# quick question about power heads



## macframalama (Apr 17, 2012)

hey can having a powerhead fully submerged do any harm..

becaues today i was ripping my big tank apart for a rescape and major overhaul and i had never noticed my powerhead says do not fully submerge and I HAVE HAD THAT THING UNDERWATER FOR ... FOREVER any thoughts, please let me know as i am still ripping it all apart and before it goes back together i would love to know, thanks


----------



## macframalama (Apr 17, 2012)

no one?> im the only guy that pulled this lol


----------



## Ra's al Ghul (Apr 28, 2010)

You want it fully submerged, you don't want the pump to run dry


----------



## hondas3000 (Apr 22, 2010)

I would follow the instruction on it as it is design to work that way. It is also easy to get your warranty with it if you use it manufacture recommend.


----------



## Scherb (Feb 10, 2011)

Hello. depends on the power head. i never herd of one you can't submerse. the csa has a lot of rules that make manufactures put that warning in there. for example a submersible heater will say not to fully submerse even though it says full submersible on the box and is 100% submersible. just some legal crap. Cheers


----------



## hp10BII (Apr 23, 2010)

What brand is it?


----------



## gklaw (May 31, 2010)

Eventually all of them will loose their seal. When that happens you will fell the tingle when you touch the water.
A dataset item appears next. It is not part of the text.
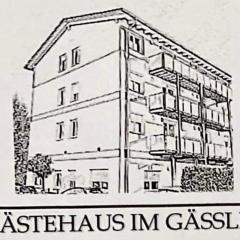 Hotel im Gässle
That's why they do not want you to fully submerge them.


----------



## macframalama (Apr 17, 2012)

yeah i removed it from the equation, basically i just wanted it to circulate some water but i had never noticed it said do not fully submerge, however it has been fully submerged in every use i have ever used it , maybe im lucky i didnt get fried or fry something else lol.oh well thanks alot for all the help guys but i just omitted it from the plan


----------